Following the outage last week I wanted to give you an update on what happened that evening and how we are focussed on continually improving the 48 network experience.
As I mentioned previously we have an ongoing investment programme on our platform and are coming to the end of a significant phase of that programme. There are still some final elements of this programme to be completed in January and February next year and unfortunately these are the elements that caused the problem last week. They also added to the length of time the system took to recover full service.
In accordance with best practice we had implemented a change freeze on the network in December and were confident that the work we had completed over 2013 had us in a good place over the Christmas period and into January when we recommenced the upgrade programme. This turned out not to be the case & it was the specific nodes which were next on the list for an upgrade that exasperated the issues. It is particularly disappointing that you have experienced another outage like this given that we have in fact invested a lot of time and money into the network throughout 2013, but we are confident that we will see the benefit of these upgrades in 2014.

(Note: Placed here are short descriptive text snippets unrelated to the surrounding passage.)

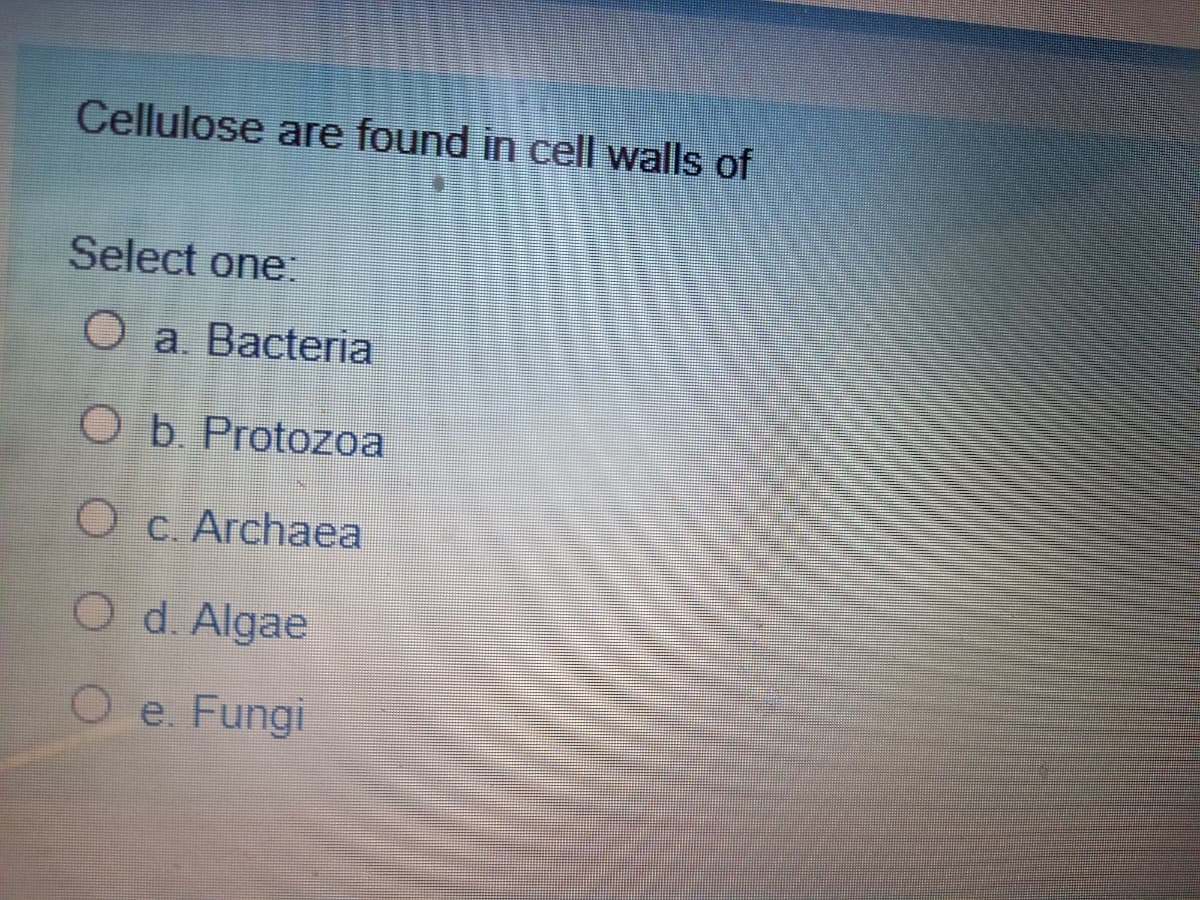 Cellulose are found in cell walls of
Select one:
O a. Bacteria
Ob. Protozoa
O c. Archaea
O d. Algae
O e. Fungi
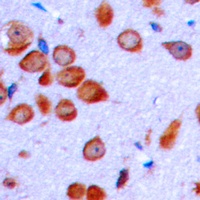 Anti-LT beta Antibody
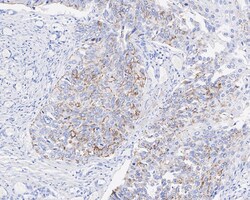 Claudin-1 Antibody (JE30-33), Novus Biologicals 100 &mu;L; Unconjugated:Antibodies,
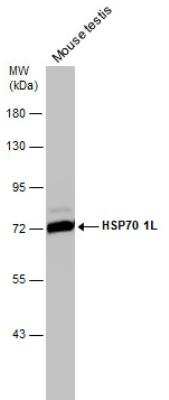 Western Blot: HspA1L Antibody [NBP1-33022]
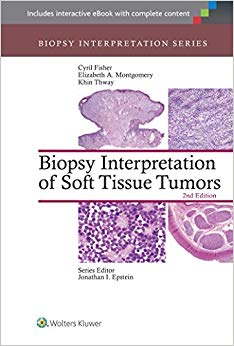 Biopsy Interpretation of Soft Tissue Tumors (Biopsy Interpretation Series)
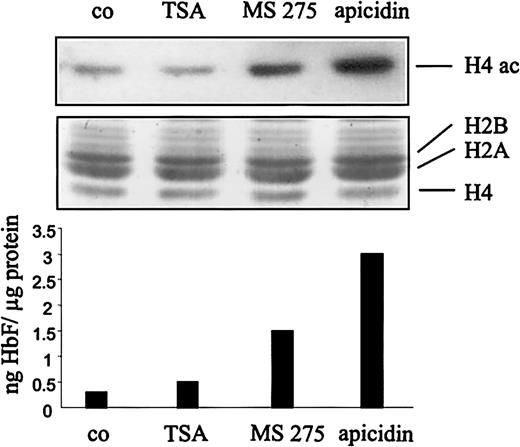 Fig. 4. Induction of histone hyperacetylation correlates with stimulation of HbF synthesis. / K562 cells were treated with the HDAC inhibitors TSA, MS-275, apicidin, or DMSO (co) for 1 hour, respectively. Histone proteins were prepared by acid extraction, and acetylation of histone H4 was determined by Western blot analysis by using a specific antiacetyl H4 histone antibody (top panel). Coomassie staining of the corresponding gel shows equal loading (20 μg) of histone proteins (H2A, H2B, H4) on each lane (middle panel). Bottom panel shows stimulation of HbF synthesis by the respective HDAC inhibitor after 4 days of treatment. H4 ac indicates acetylated histone H4; H2A, H2B, H4; histone proteins H2A, H2B, H4.
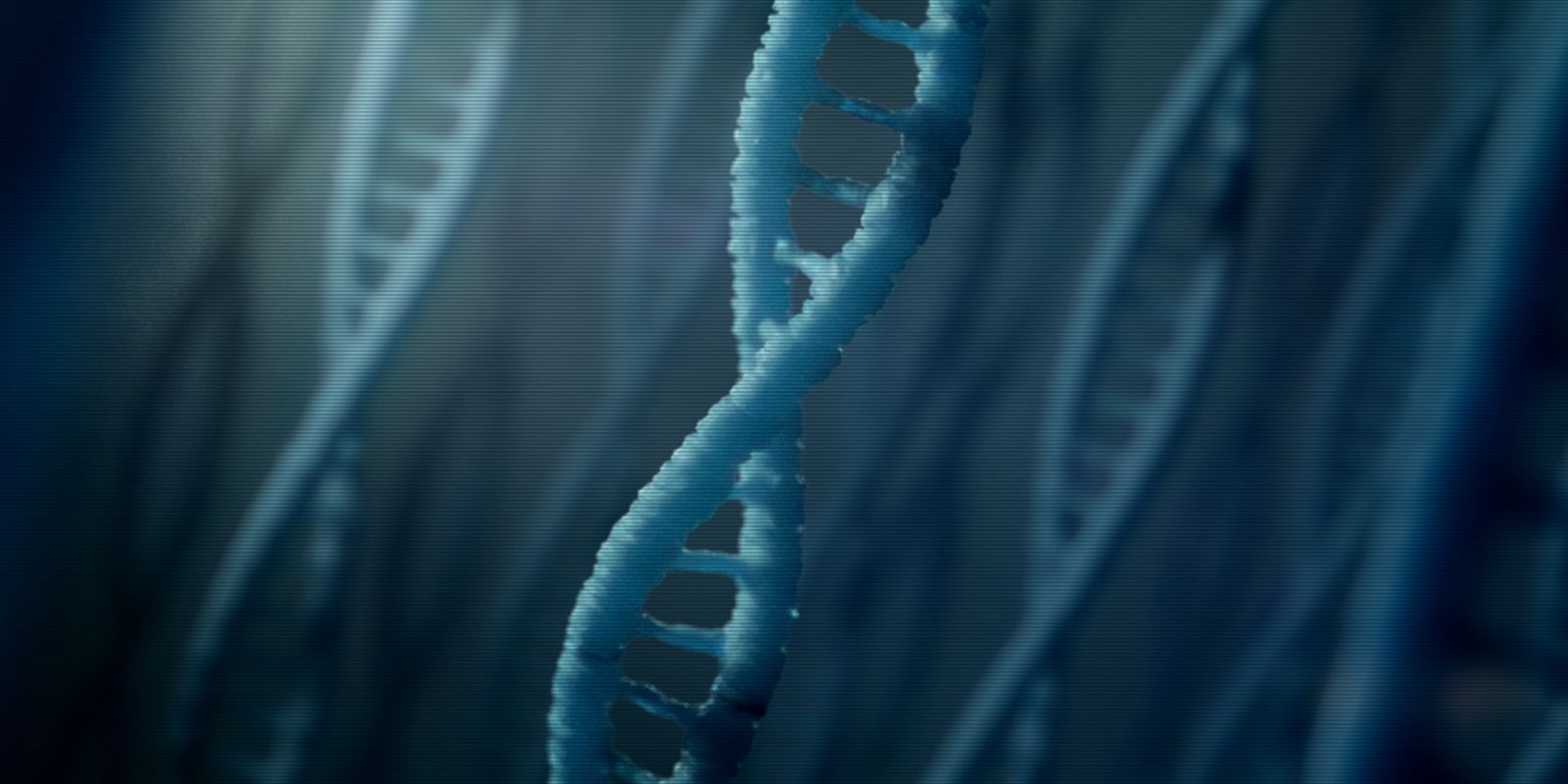 The Adventure Gene Test | Stink Studios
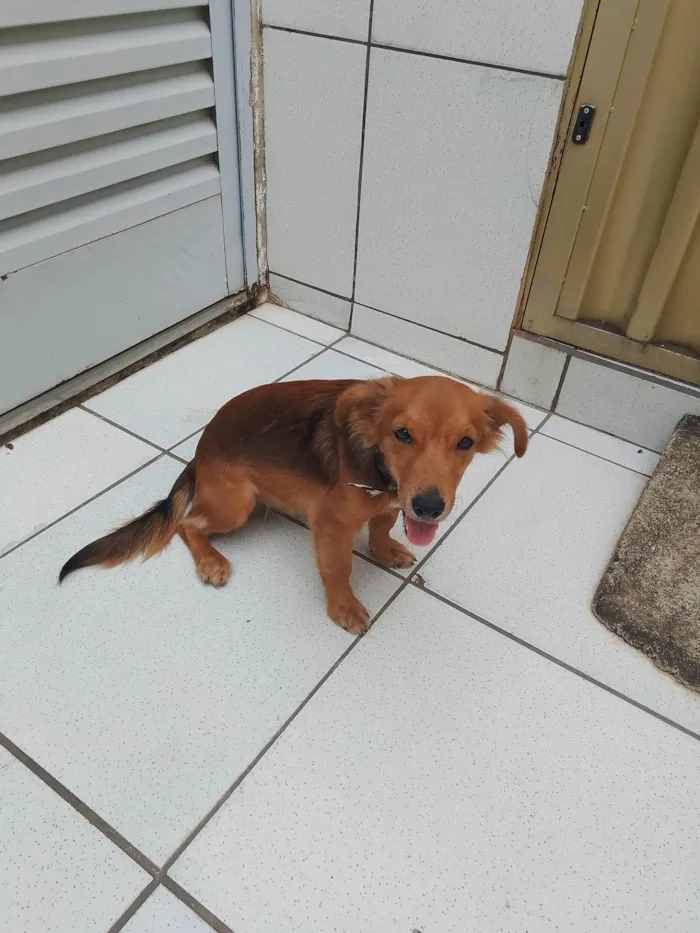 Cachorro ra a SRD-ViraLata idade 7 a 11 meses nome Baltazar 
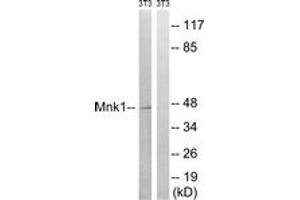 Western blot analysis of extracts from NIH-3T3 cells, treated with PMA 125ng/ml 30', using Mnk1 (Ab-385) Antibody. (MKNK1 Antikörper  (AA 351-400))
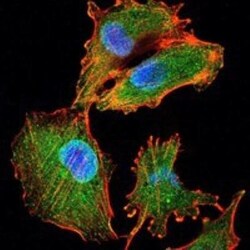 IL-34 Antibody (1D12), Novus Biologicals 0.1mL; Unlabeled:Antibodies, Monoclonal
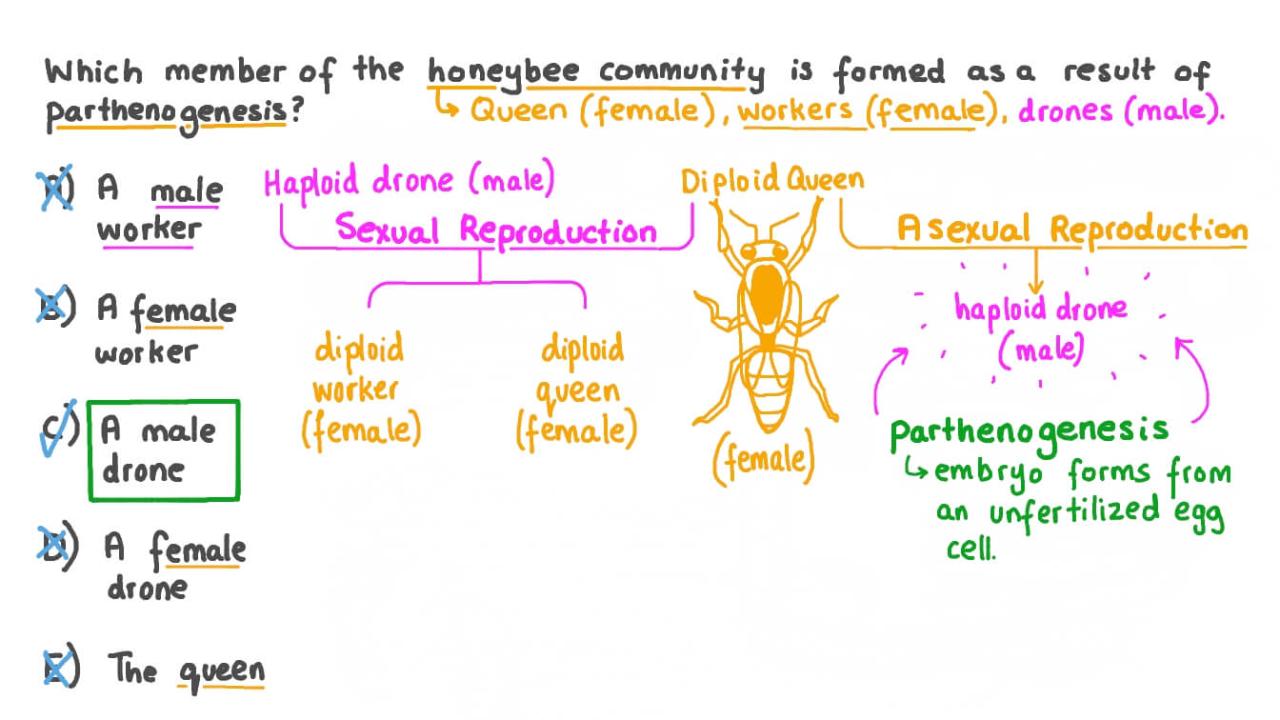 Valentines day sexual reproduction parthenogenesis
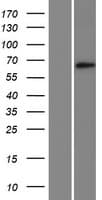KLHL23 Protein (Over-Expression Lysate Myc-DDK (Flag))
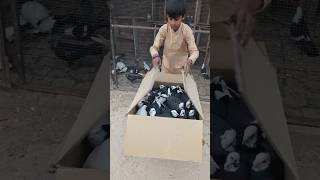 35 New ❤️ Kabootar ki video ❤️ Kabootar video Pigeon video 🥰#shorts #pigeon #viral #kabootar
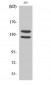 Flg (phospho Tyr154) Polyclonal Antibody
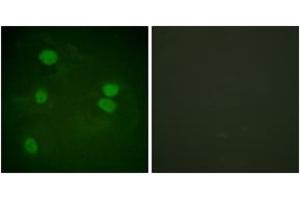 Immunofluorescence (IF) image for anti-Histone 3 (H3) (AA 16-65) antibody (ABIN2890740) (Histone 3 Antikörper  (AA 16-65))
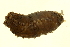  ( - 10BIOBC-EC116)  @14 [ ] CreativeCommons - Attribution (2011) CBG Photography Group Centre for Biodiversity Genomics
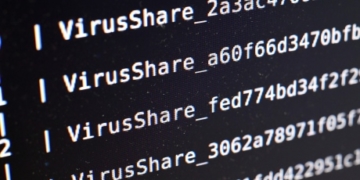 Why we keeping falling for online phishing scams and downloading viruses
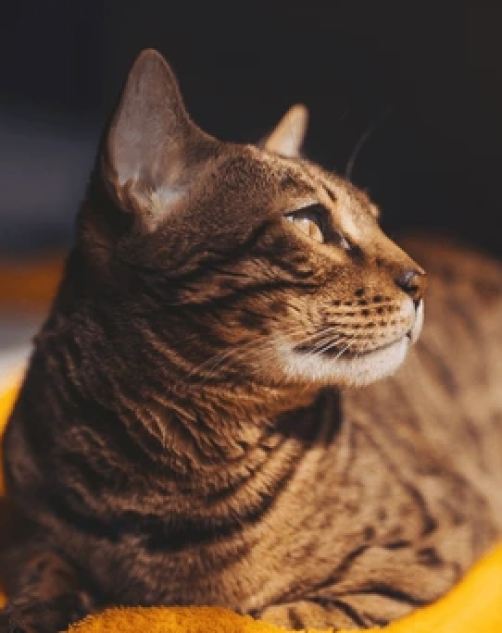 Professional pet urine removal from carpet in Gold Coast and Brisbane by Steam Boss removing pet stains, odours, and bacteria from carpet.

With regard to the event itself our systems first started reporting errors at 5:43pm on Wednesday 19th December. The errors indicated that there was a fault with the hardware that manages the throughput of traffic across our core platform. This immediately affected calls, texts and data. It also resulted in the failure of our website services so that you could not buy memberships or add-ons on our website either.
The issue was escalated immediately with our service providers. Due to the nature of the issue our engineers could not rectify it remotely and were sent to the data centre. Data centre engineers began investigating the issues before our own engineers arrived. Unfortunately when the faulty hardware was fixed at around 8pm the rest of the network took a lot longer to recover but we saw the website services return at that time. This was the key focus until we saw service resume at 1:25am that night. Our engineers worked hard throughout the evening to bring all the necessary systems back online as quick as possible. Unfortunately this process can take some time due to the complexities involved in this work. Our engineers then remained onsite for a rest of the night to ensure the systems were stable.
We have now put in place a higher level of monitoring on the hardware impacted by this issue. We have already made some configuration changes to the hardware that manages the throughput of traffic across the platform and have replaced the specific hardware that was showing the errors.
We are committed to providing a better service to our customers and are confident that the final changes we will be making early next year will allow us to provide a significantly improved and robust service for our customers.
The purpose of this level of detail is to explain what happened, not to excuse it. We do know how frustrating and annoying these outages are and we can’t apologise enough for it.
there have been no issues with the network since service resumed on Thursday night. However, there may be local issues with the O2 radio network (their masts) in your area which means you can't pick up a signal.
You have alseady rebooted your phone, so if you could try to search for networks manually, find 48 and then connect to it. If that doesn't work then there may be a local O2 mast issue in your area. If you ask a 48 agent and mention the area you are in they should be able to tell you if there is an issue in your area and/or help you get connected again.
A fairly thorough explanation and I think many people appeciate that.
This outage appears from your explanation to have been fully self inflicted and not due to any third party and it is welcome that you admit that.
It strikes me that as a low cost service 48 has failed to invest in the key skills needed to adequately plan, test and implement the very improvements that are indeed welcome to every customer. This has lead to a) a meltdown, and b) an inability to recover from that meltdown in the kind of time frame that this kind of critical communications service demands.
When 48 offers a service to the public, cheap or not, it invites ordinary people to depend on and rely on 48 for critically important support when they are involed in seriously important moments in their lives, and in crises. This time I was lucky and doing nothing at all important. But many many people will have suffered appalling inconvenience and worry and stress and upset.
it is this that your senior management need to keep in mind when you are considering recruitment and investment in skills needed for planning and monitoring.
our reception was out for over 8 hours and I had no way of contacting anyone and had to walk 3 miles home in the rain, why should we not get compensation when we pay our membership every month and this company is supposed to be on the 02 reception lines.